本コース5 2週目 革メーカーの見学と椅子張り作業

さて、今週からどんどん椅子張りを進めていきたいところですが、月曜日はデンマークの革メーカー CAMO Leathersを見学してきました。

https://www.ca-mo.com/en/

 

本当は去年の授業(本コース3)で見学に行く予定だったのですが、まさかの会場に着く直前でキャンセルになってしまい、見学できないままになっていたのです。

そこで、今回は希望者のみ見学できることになり、せっかくなので見学に行ってきました。

 

デンマークで革の加工をしているのかと思いきや、加工は全てイタリアで行われているそうで、加工の様子をビデオで見せてもらいました。

見学できたのは革を保管している倉庫だけでしたが、いろいろな種類の革の説明をしていただけたので、良い勉強になりました。

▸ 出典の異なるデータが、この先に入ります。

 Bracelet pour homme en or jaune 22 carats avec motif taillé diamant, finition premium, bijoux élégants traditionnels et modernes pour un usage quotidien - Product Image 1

こちらは珍しい凹凸の加工がされた革。伸ばして張ると不思議な模様になります。

こちらは表面の保護加工を全くせずに染色だけをほどこしたアニリンレザー。
染色だけの革は、こんな風にピカピカの革になるそうで、不思議です。

革の保管庫

私が去年学校で張った椅子に使った革と同じヌバックのアニリンレザーを見つけました!

こちらが、私が去年学校で張った椅子です。

ヌバックのアニリンレザーは柔らかい肌ざわりで、冬でも冷たくならないし、夏でも汗でベタついたりしないので、本当に気持ち良くて、とても気に入っています。



火曜日からは、どんどん椅子張り作業を進めていきました。

まずは、座面の伝統工法張りから始めます。

去年張った方法とほぼ同じ張り方なのですが、びっくりするくらい忘れていたので、もう一度張る機会があって、本当に良かったと思います。

学校を卒業すると、こんな風にきちんと伝統工法の張り方を一から習う機会はほぼないので、卒業前にしっかり覚えておかなくてはなりません。

先週張った麻テープの上にスプリングを固定して、麻ひもで高さを調整します。
これが、一番難しい工程です。

特に、座面の最前列のスプリングの高さの調整が難しいのですが、ここをしっかり抑えておかないと、キレイに椅子が張れないので、慎重に作業を進めます。

スプリングの上に麻布を被せて、麻ひもで縫い付けていきます。

麻草を薄くのせて、縫い付けます。

その上に干し草をたっぷりのせます。

その上に麻布を被せて縫い付け、干し草を固定させます。

その後、座面の角を縫い付けます。

今週の作業はここまでです。

 

卒業試験で椅子張りに使える時間は112時間です。

112時間以内に全ての作業を終えなければならないので、作業工程の時間管理はとても重要になってきます。

みんなそれぞれ自分で工程時間を計画しているのですが、今のところ、誰も計画通りの時間内に作業を終了出来ていません。

みんな、卒業試験でちゃんと時間内に張り終えられるのか不安でたまりませんが、これまでほとんどの生徒がちゃんと卒業試験に合格しているから、私たちもきっと大丈夫!と励まし、助け合いながら、それぞれの作業を進めています。

 

今週は、放課後にクラスメイトたちとデンマークの恋愛映画を見てHyggeに過ごしました。

このメンバーで過ごせるのもあと少しかと思うと寂しい気持ちになりますが、みんなで笑顔で卒業できるように、一緒にがんばろうと思います。